Implementing RTI requires a broadening in focus. To implement this innovation in a school setting, one has to pay attention not only to research about effective instruction, but also to the change management process. For too long education has underestimated what it will take for the adults in a school setting to change their practices and behaviors. The benefit of RTI is for our students, and success will be measured in how much their achievement scores improve. However, when it comes to implementation planning, the focus has to be on the adults—the teachers who will use the new practices.
Where can we look to understand implementation processes? Fixsen, codirector of the National Implementation Research Network, and his colleagues (Fixsen, Naoom, Blasé, & Wallace, 2007) recently completed a review of the human services implementation literature, including the literature on education. Although their review was about innovation and implementation in general, rather than being specific to RTI, they did describe implementation as the “missing link” between research and practice.

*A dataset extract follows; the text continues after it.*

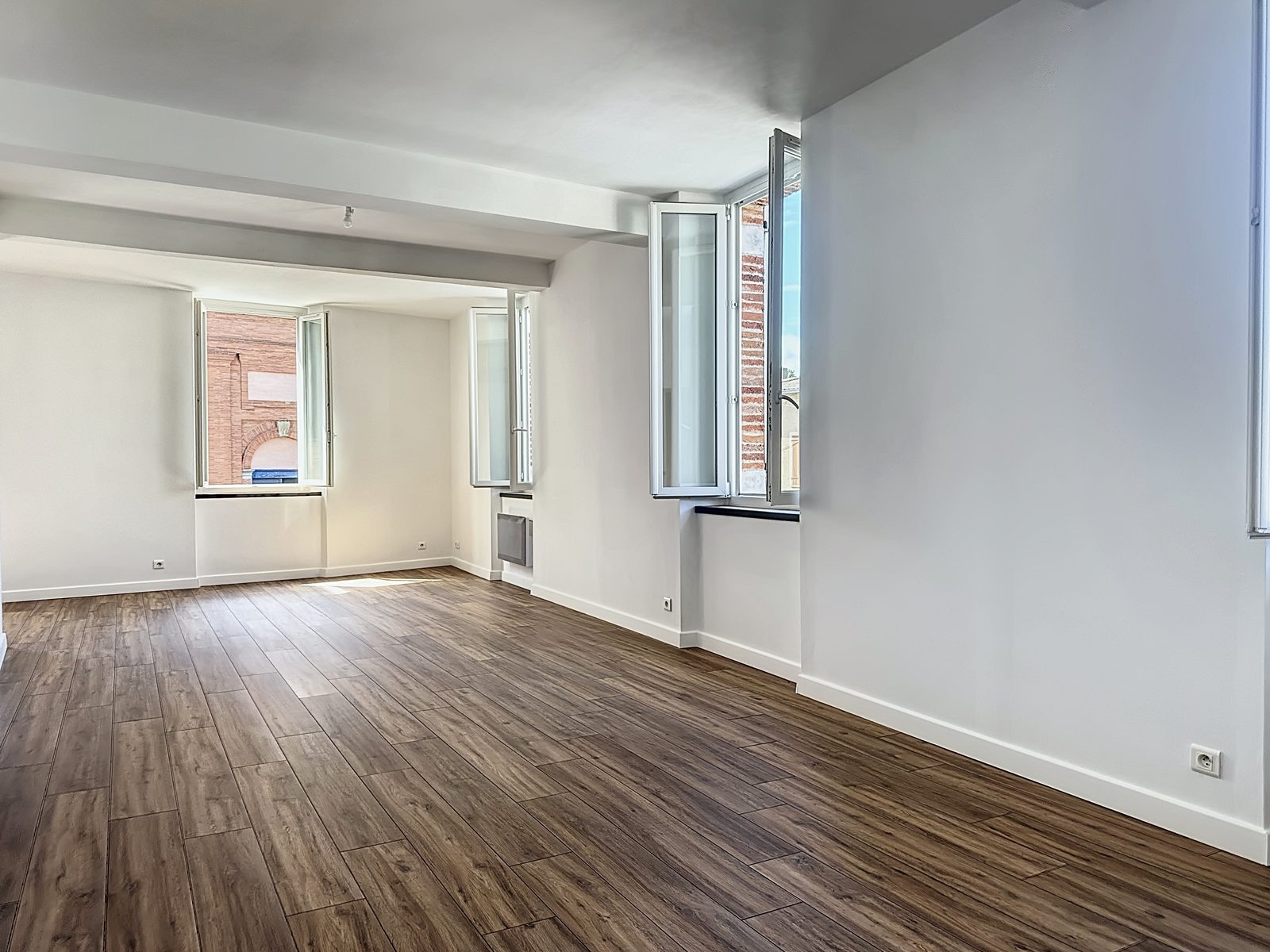 Superbe appartement duplex T4/5 de 150 m2 entièrement rénové - photo 2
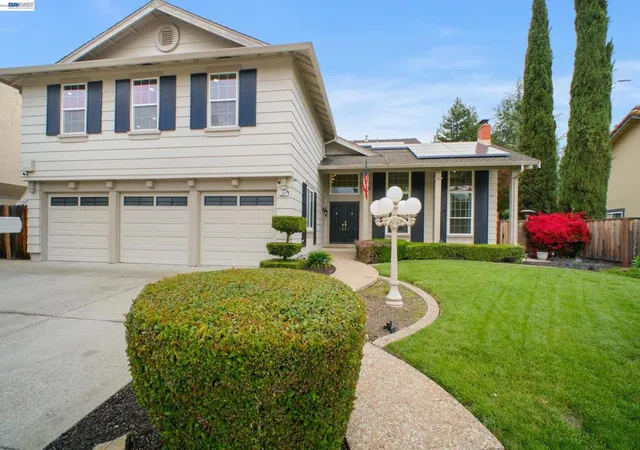 Homes for sale in San Ramon, CA | 604 Lomond Cir, San Ramon, CA 94583 | MLS# 41137854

Fixsen and colleagues released two frameworks as a product of their extensive review, and these frameworks also form the basis for the articles in this section on implementing your plan:
A brief overview of the six stages of implementation is provided below with more details provided in the related articles. The stage names are those of Fixsen and his colleagues; the details about the activities that occur in an implementation of RTI are those of Susan Hall.
-
Exploration—a small team does research to learn as much as they can about RTI in determining whether to implement such an approach
-
Installation——begins when the decision to implement is made and continues until the first use of the innovation (may include planning, assigning job responsibilities, determining how it will be organized, initial team building)
-
Initial implementation—where the “rubber meets the road” as many teachers try to use new practices in their day
-
Full Implementation—practices have been installed and most professionals are comfortable, with practices operating smoothly
-
Innovation—after implementing the innovation the way it was laid out, this is the time to try to make improvements
-
Sustainability—in which the focus is on figuring out how to sustain the innovation over the long term
Although this stage approach may seem linear, Fixsen et al. (2007) are clear that it is actually more recursive. What happens in one stage affects another stage. Fixsen et al. are also clear that implementation is not an overnight process. Fixsen’s suggestion that it may take 3–5 years to fully implement a human services innovation is consistent with my observation that most schools require at least 3 years to implement RTI.
REFERENCE
Fixsen, D., Naoom, S., Blase, K., & Wallace, F. (2007, Winter/Spring). Implementation: The missing link between research and practice. The APSAC Advisor, pp. 4–10.